Look in the data below for the line that has "Black Eyed Susan", then print exactly every line from there through the line that has "企业项目规划书模板_企业项目规划书范文-第3张图片-马瑞范文网", leaving pictures out.

== Task material

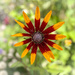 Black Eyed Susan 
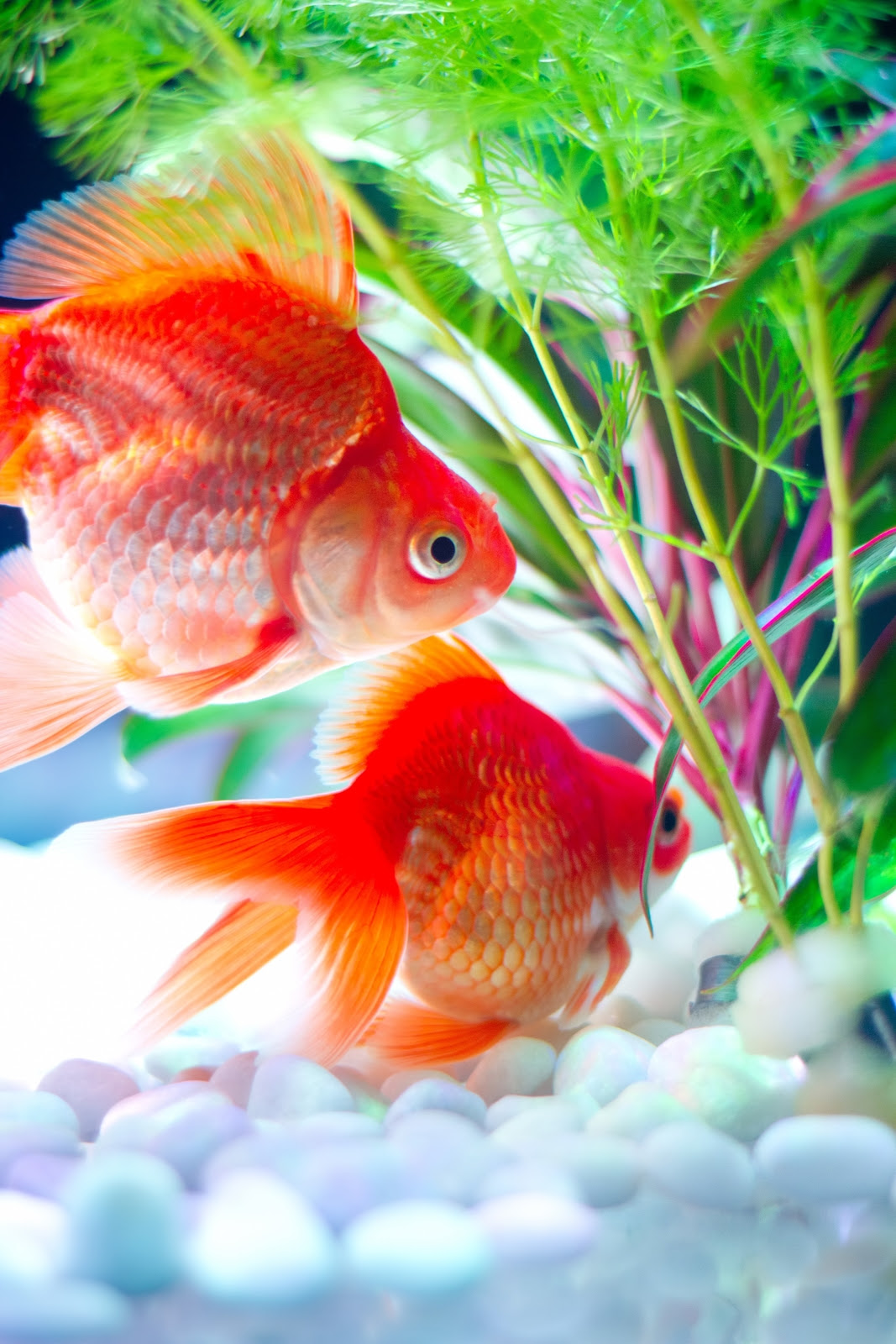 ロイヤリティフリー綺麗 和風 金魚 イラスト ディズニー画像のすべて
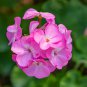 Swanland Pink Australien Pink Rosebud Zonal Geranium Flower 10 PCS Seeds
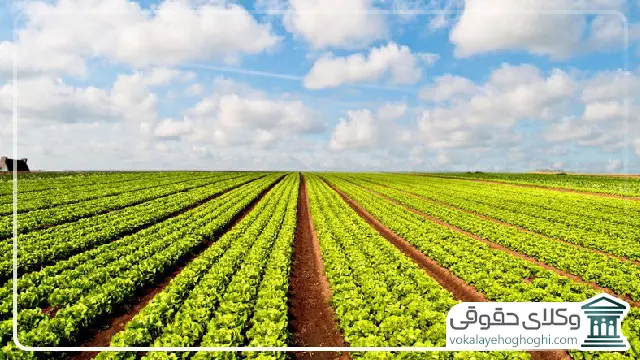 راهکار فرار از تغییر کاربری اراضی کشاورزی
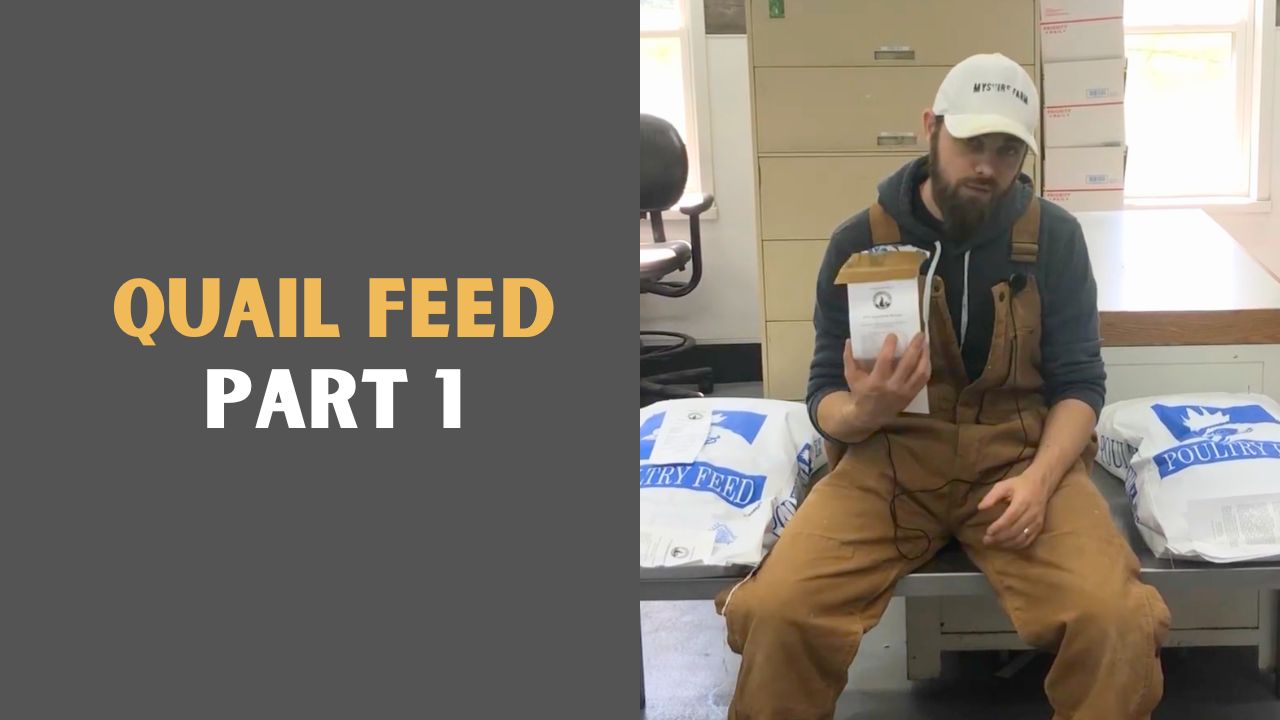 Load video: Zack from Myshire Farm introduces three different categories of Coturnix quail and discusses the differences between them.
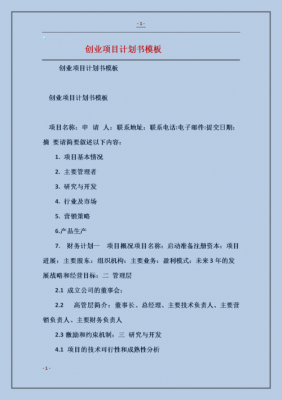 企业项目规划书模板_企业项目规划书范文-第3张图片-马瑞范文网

====
== Task material

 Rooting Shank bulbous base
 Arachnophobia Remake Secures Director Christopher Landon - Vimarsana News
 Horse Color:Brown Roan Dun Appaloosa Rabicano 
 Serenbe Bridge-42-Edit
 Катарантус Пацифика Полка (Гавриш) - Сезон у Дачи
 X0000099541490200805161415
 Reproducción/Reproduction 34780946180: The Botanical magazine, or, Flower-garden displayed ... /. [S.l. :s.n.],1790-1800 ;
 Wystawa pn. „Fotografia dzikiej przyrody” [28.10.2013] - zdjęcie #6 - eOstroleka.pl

====
== Task material

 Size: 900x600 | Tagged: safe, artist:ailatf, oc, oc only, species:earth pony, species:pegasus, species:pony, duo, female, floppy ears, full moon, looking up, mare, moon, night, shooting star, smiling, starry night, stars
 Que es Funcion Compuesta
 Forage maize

====

**Exercise solution:**
 Black Eyed Susan 
 ロイヤリティフリー綺麗 和風 金魚 イラスト ディズニー画像のすべて
 Swanland Pink Australien Pink Rosebud Zonal Geranium Flower 10 PCS Seeds
 راهکار فرار از تغییر کاربری اراضی کشاورزی
 Load video: Zack from Myshire Farm introduces three different categories of Coturnix quail and discusses the differences between them.
 企业项目规划书模板_企业项目规划书范文-第3张图片-马瑞范文网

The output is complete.